Actual “Security” is one of those,

“You get what you pay for, technologies, so if you don’t pay you don’t get…”

Clive Robinson • October 19, 2025 7:41 AM

@ KC,

With regards VoIP encryption. Ascwith conventional PSTN systems there are two parts “signaling” and “traffic”. For “SIP Encryption”, you need to remember that in effect SIP provides the Signalling / control and RCP provides the transport of traffic voice/video etc.

Therefore you can encrypt one or the other or both…

Have a look at,

https://www.fuse2.net/biggest-sip-security-risks/#blog-content

It will give you an overview of some of the security issues with this type of VoIP system.

Clive Robinson • October 20, 2025 6:04 AM

@ not important,

With regards,

“data from a single transponder may be visible from an area as large as 40% of the surface of the earth”

I guess you want to know why only 40% not 50% as basic geometry of what is usually drawn as an “acute isosceles triangle” would suggest is possible if the base of the triangle is the same as the diameter of a sphere.

Well it mostly has to do with orbital hight and that the earth is not actually a sphere.

First though consider the fact the two equal sides of any isosceles triangle can never be parallel at less than infinite distance. So we are never going to get 50% coverage, always less.

Secondly the reality of practical Earth orbits is the cone section will mostly be “obtuse” not “acute”. That is they are considerably less than the radius of the earth above the earths surface. A simple sketch will show that the visible span across the earth from the satellite will be less than the diameter. Which means it has a radio / optical horizon less than the Earth’s radius.
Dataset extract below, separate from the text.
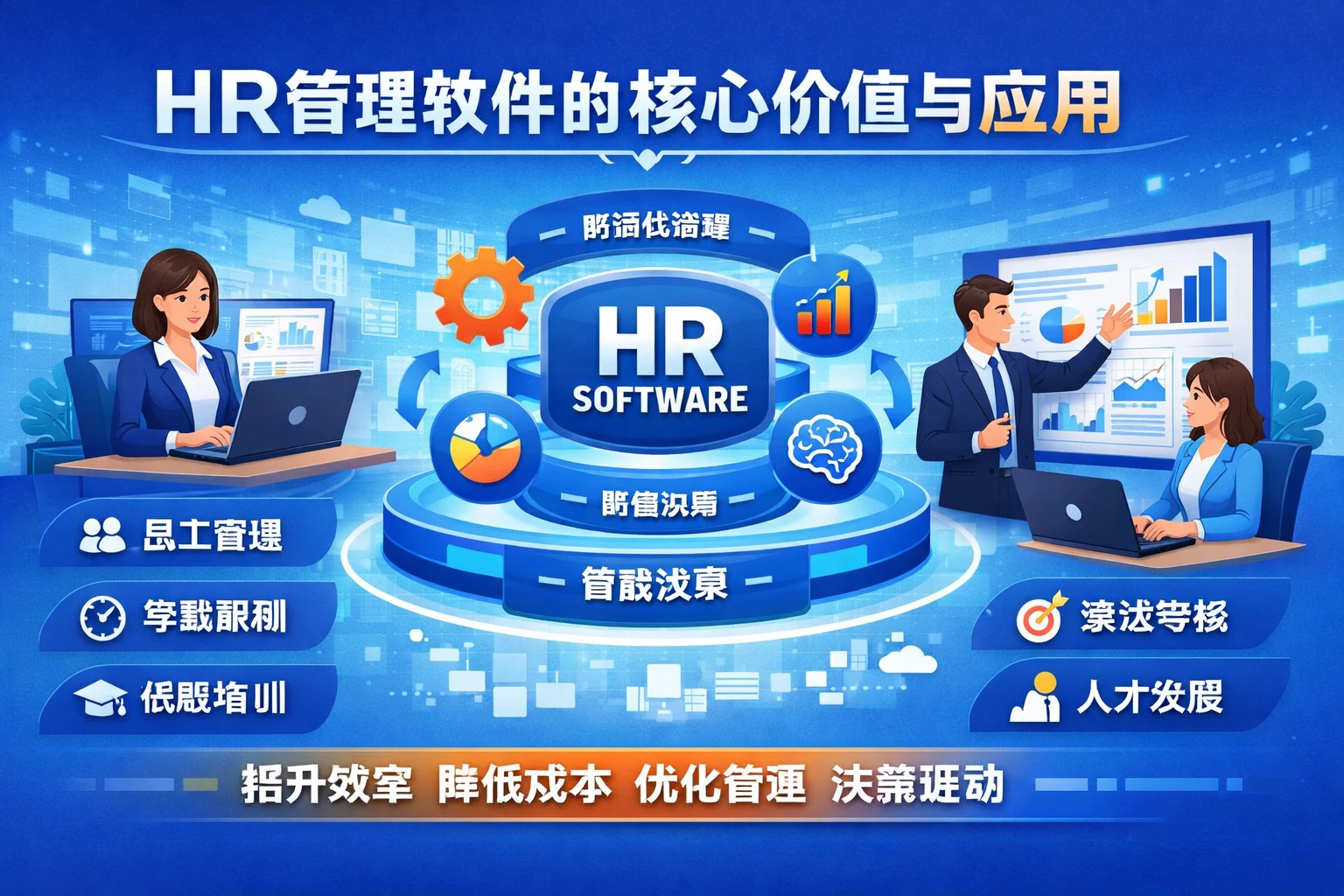 HR管理软件的核心价值与应用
Because the majority of satellites are actually in “Low Earth Orbit”(LEO) which is below 2000km above mean sea level. Or roughly 1/6th of the earths diameter. Their horizon is actually quite small, but also they tend to use “antennas with gain” giving an even more reduced coverage that is just a few percent of the earths surface.
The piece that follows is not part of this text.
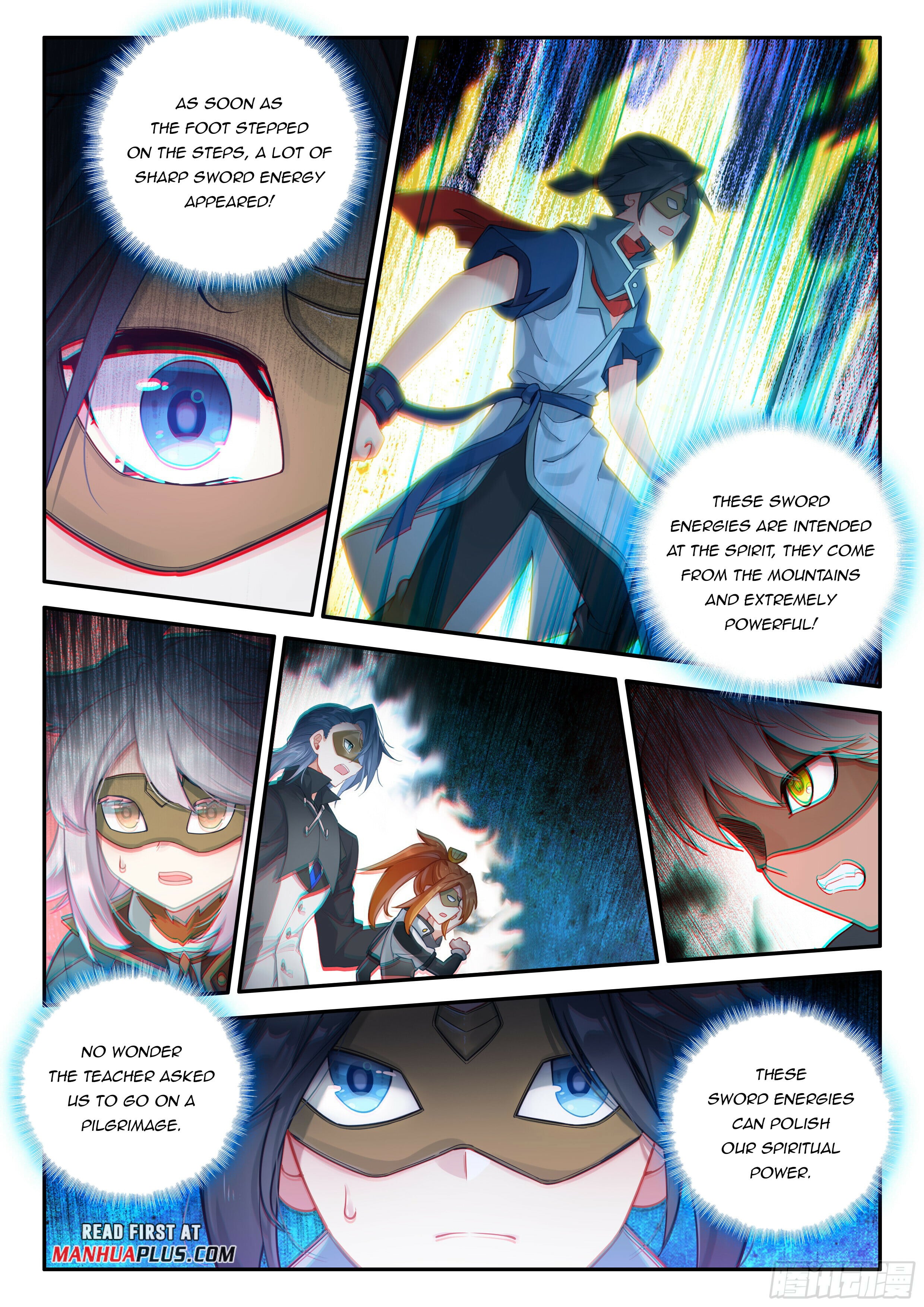 Read Soul Land V Manga Online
You can either sit down and work out the equations to calculate from A^2 = (B^2 + C^2) or look them up in one of several Armature Radio books or have a hunt around on line.

Working out the equations from Pythagoras’s equation might appear daunting but I did it in my teens back in the 1970’s to write a satellite tracking and coverage program in BASIC that output maps in the HP plotter format which graphics plotters and drum plotters used back then. I actually did it for fun outside of “classwork” and that caused me a problem… My actual course work assigned project was dull and uninteresting lacking any kind of challenge. I did it but only with the intent to get a pass grade as it did not count to final grades (it was the first year the course had been run so we were in effect Alpha Testing). However a tutour from another course entirely took an interest in the things I was doing and put my project forward into a competition, which I won. Thus much interest from outside my course came in which embarrassed my tutors especially when they found out I was putting the finishing touches on another program this time for “astro navigation” that ran on an 8 bit personal computer. I was initially left with the impression “My goose was cooked” and that a boot would propel me out the door in a ballistic orbit. However it turned out that one of the other tutors was also a keen yachtsman as well, and asked for a demo, he was more than impressed that I’d already got my “offshore” and “yachtmasters” qualifications and took a keen interest in the program and talked the older tutors around (he was also later instrumental in getting me my first job working in the collage).